Running costs - can't comment but I guess more because of the servicing - in the grand scheme of things, not worth worrying about.


----------



## MIKEGTR (Jul 8, 2005)

You'd probably get a more informed answer from those on the porsche forums who have moved from a GTR to a porsche


----------



## DaveK (May 6, 2011)

MIKEGTR said:


> You'd probably get a more informed answer from those on the porsche forums who have moved from a GTR to a porsche


Thanks Mike, I am a forum moderator on 911uk.com and have a feeling that I may get some stick over this. I have however cross posted to try and get a more balanced opinion.

Radical, the noise was one thing that let my car down, it was far too subdued. A 200 cell Cargraphic exhaust soon put an end to that. I was though warned at Silverstone the other month as they thought I was tripping the sensors at 105.3dB coming onto the pit straight.


----------



## MarcR35GTR (Oct 17, 2010)

DaveK said:


> Hi all
> 
> First time post on here so go easy please.
> 
> ...


Dave,

I have had a number of porsches and currently have a 996 tubo S Cab, also tuned to 500 bhp+.

Quite simply the GTR is much faster, handles better, has a nicer interior and is better equiped. It also has the advantage of being a much rarer sight on the road, and having a much larger boot and more practical back seats.

The porsche is great has the brand and style, but i think the GTR beats it in every department , except not as smooth at very low speeds, and 6 monthly servicing is a pain, though i think overall running costs are similar.

Hope that helps, answer is simple , have both !

Marc


----------



## After Eight (Feb 23, 2011)

I sold my 996 turbo tuned to about 480 bhp end of Feb to move to a GTR.
Performance seemed quite similar until I had a Cobb custom tune. Now it's noticably quicker (Need to have traction control in R mode).

Even though I tuned my 996 Turbo it never felt as quick as I expected, particually in 1st and 2nd gear. The GTR feels much stronger now in all gears.

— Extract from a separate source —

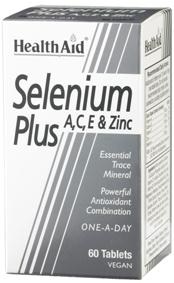Health Aid HealthAid Selenium Plus (Vitamins A, C, E & Zinc) tab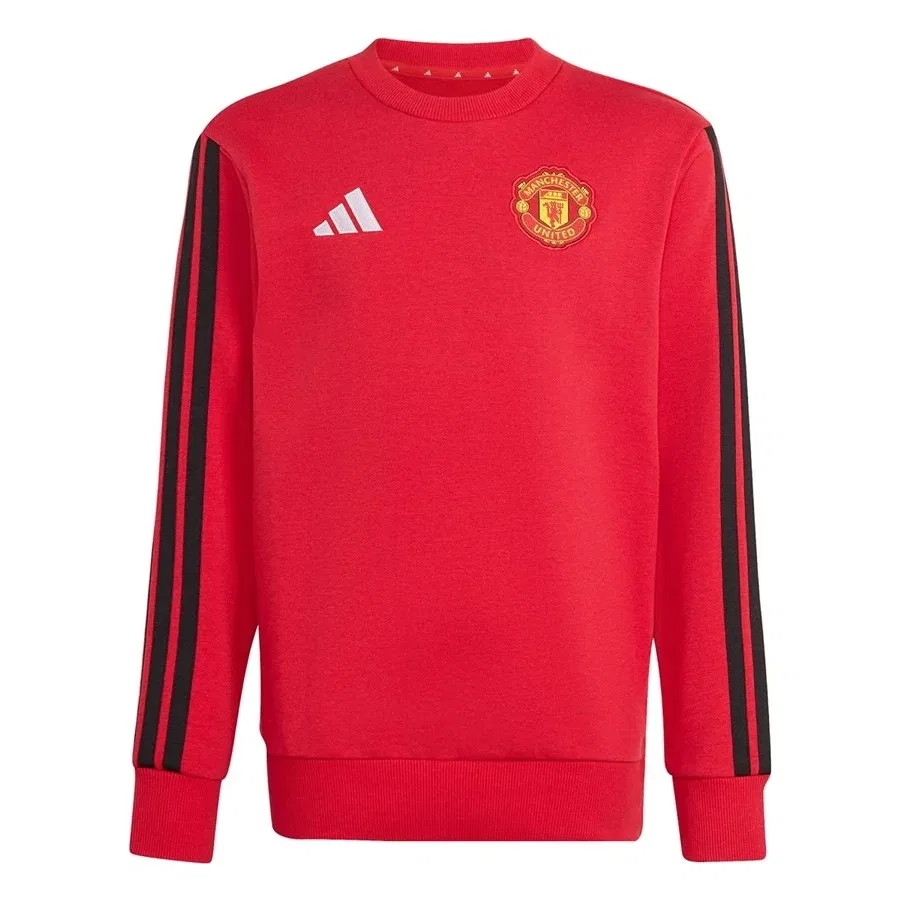Детский свитшот с длинным рукавом Manchester United Kids Crew Sweat adidas, Красный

For the size the 911 made clever use of interior space. Looked great from most angles apart from the front lights are now looking very dated.

The Y-pipe on the GTR makes a huge difference to sound and I try to find tunnels where ever I am! I had a sports exhaust with 100 cell cats on the 996 but still not as good as the GTR. (The Y-pipe should really be made standard).

I started to pay a lot out on replacement parts on the 996 (2003) radiators, AC radiators, turbo heat shields etc, all the bolts had rusted away on the exhaust manifold, it seemed to be an ongoing maintance once it got to 7 years old.

For the GTR all I have to worry about is services and tyres - so cheaper for me to run.

I love the far more modern interior and all the gizmos, the ability to change the damper, traction control, diff settings. The semi auto gearbox is pretty amazing too. I had a manual 996 and having had a C2 triptronic version too, the gearbox is light years ahead, but still you can have the contol of a manual box, best of both worlds.

It certainly takes much longer than a 30 minute test drive to appreciate all that the GTR offers, but I certainly don't look back. I don't know what could replace it but another GTR.

I was lucky to get a 2009 model with fresh rubber and 12 months tax, the only thing I miss is not having Sat Nav.

Cheers!


----------



## diddy_p (Oct 5, 2006)

DaveK said:


> Thanks Mike, I am a forum moderator on 911uk.com and have a feeling that I may get some stick over this. I have however cross posted to try and get a more balanced opinion.
> 
> Radical, the noise was one thing that let my car down, it was far too subdued. A 200 cell Cargraphic exhaust soon put an end to that. I was though warned at Silverstone the other month as they thought I was tripping the sensors at 105.3dB coming onto the pit straight.


hi dave, i'm diddy_p from 911uk.com and posted a link in one of the forums to the 997/gtr forum wars race!

i've got a 993, have driven numerous 996's and 997's as well as numerous types of GTR (USDM, early JDM, UKDM) and must say that the GTR is the car i'll be getting next, and will keep the 993 too... 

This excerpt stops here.